----- Recorded data -----

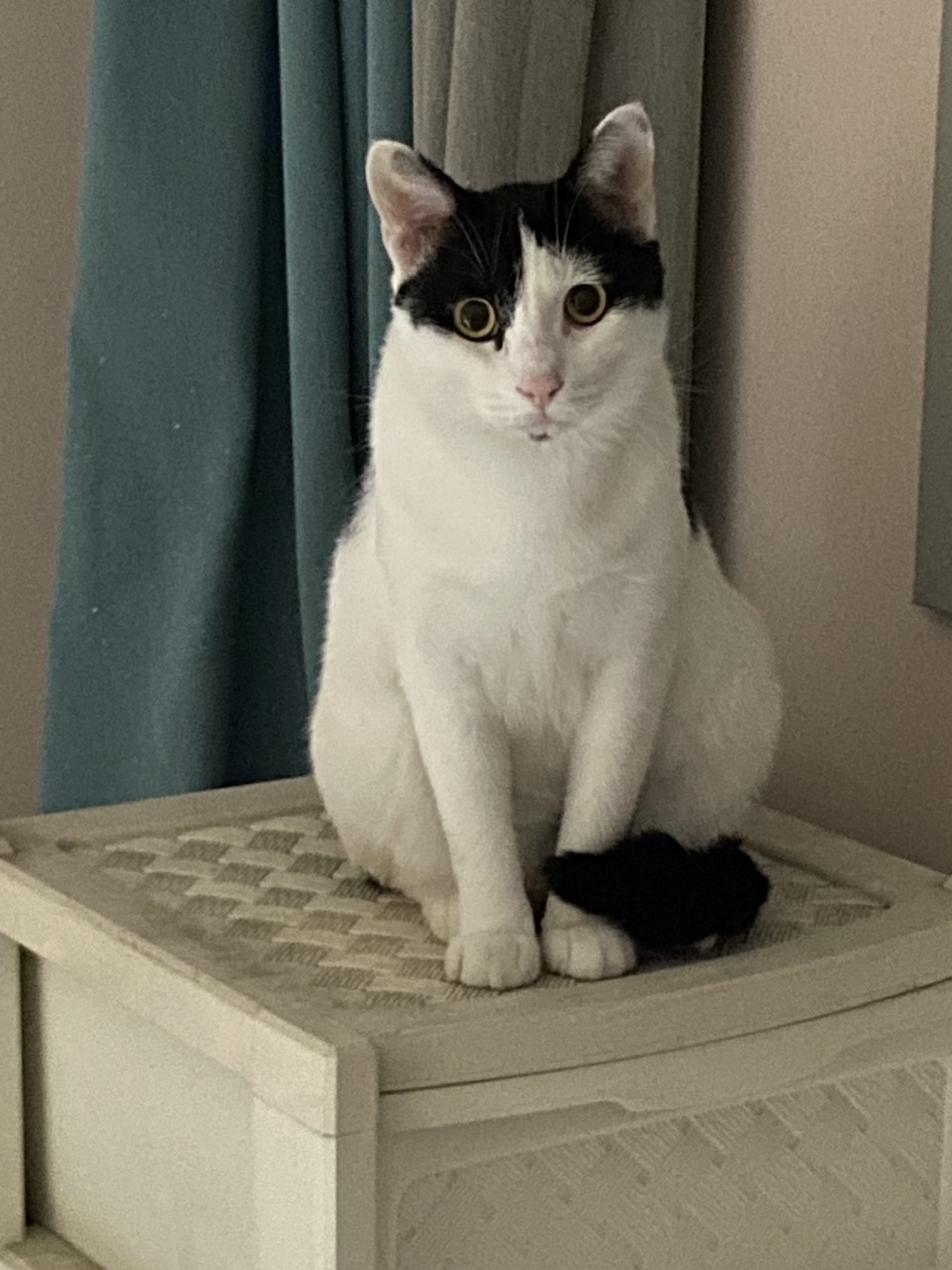 은하(aka늘찬)와 만난지 한달째 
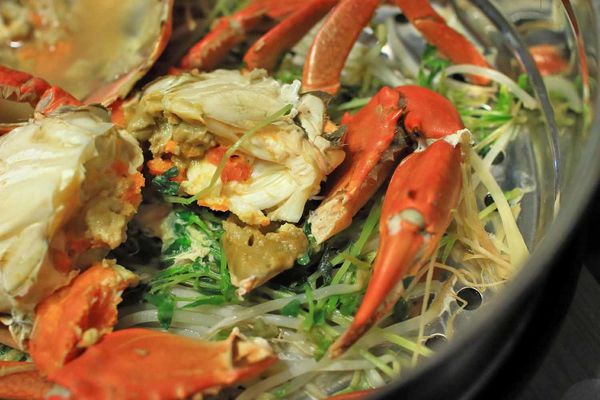 【蘆洲餐廳】恩家寶精緻鍋物-巨無霸加拿大直送龍蝦與創意冰火鍋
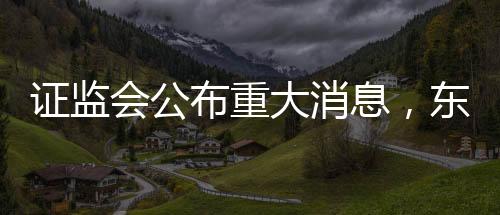 證監(jiān)會公布重大消息，東方集團(tuán)涉嫌重大財(cái)務(wù)造假案件紀(jì)實(shí)
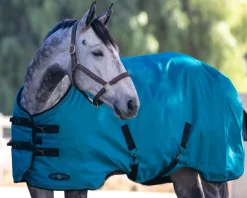 KENSINGTON ™ Signature Medium-Weight Turnout Blanket Best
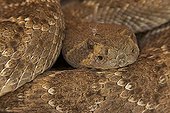 Western Diamond-backed Rattlesnake Sonoran desert USA ; Emerging from winter hibernation site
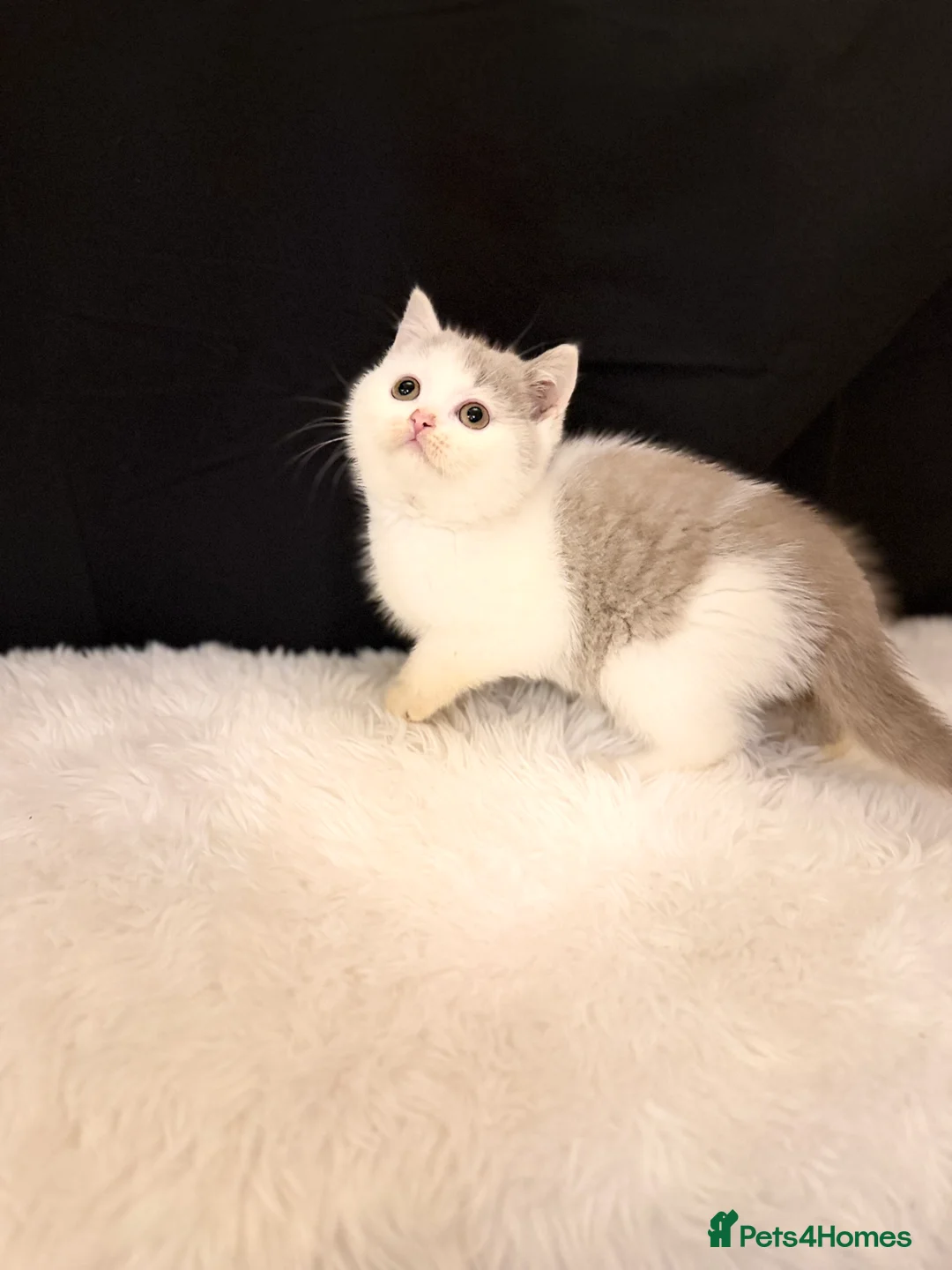 British Shorthair cats for sale: Full Pedigree Registered BSH - Advert 2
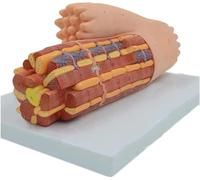 Ultrastructure of Cardiomyocytes Magnified Model of Myocardial Anatomy of Human Muscle Tissue Human Organ Model Human Muscle Tissue Cardiac Muscle Anatomy Enlarged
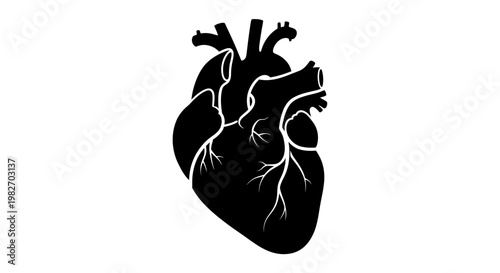 Anatomical illustration of a human heart in stark black and white
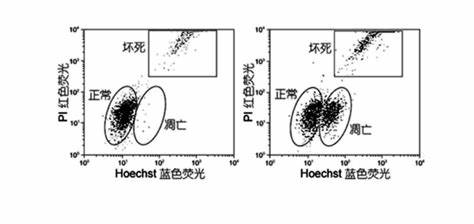 碘化丙啶原理及染色方法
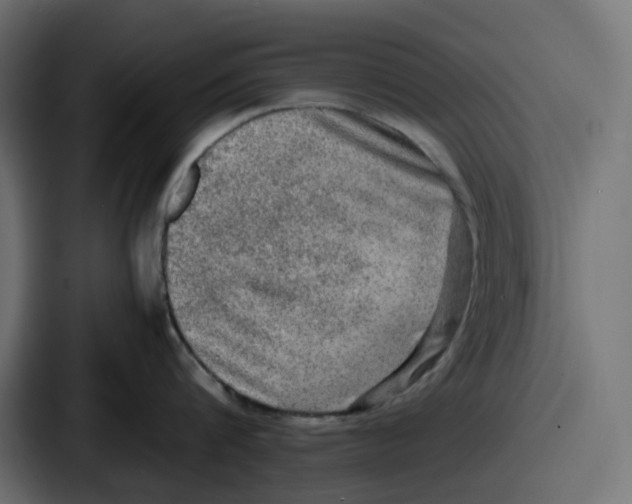 X0000086760816200705111714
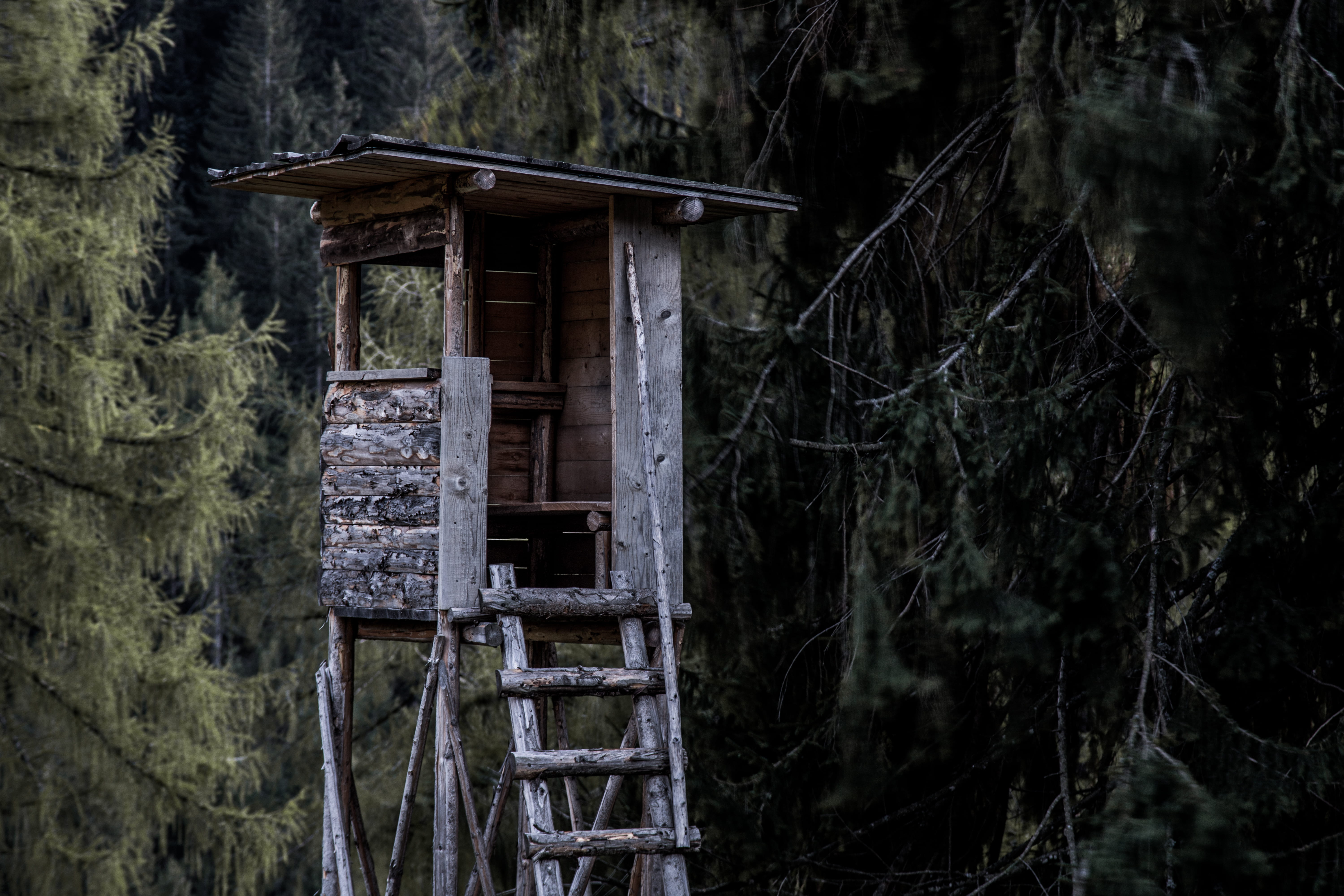 house, tree trunk, trees, surrounded, wooden, plant, tall, brown, damaged, tower, 5K, architecture, old, shed, no people, day, built structure, abandoned, HD Wallpaper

-----

Work request: The line containing "碘化丙啶原理及染色方法" and every line after it, through the end of the data, are to be output exactly. Omit the pictures.

Problem solution:
 碘化丙啶原理及染色方法
 X0000086760816200705111714
 house, tree trunk, trees, surrounded, wooden, plant, tall, brown, damaged, tower, 5K, architecture, old, shed, no people, day, built structure, abandoned, HD Wallpaper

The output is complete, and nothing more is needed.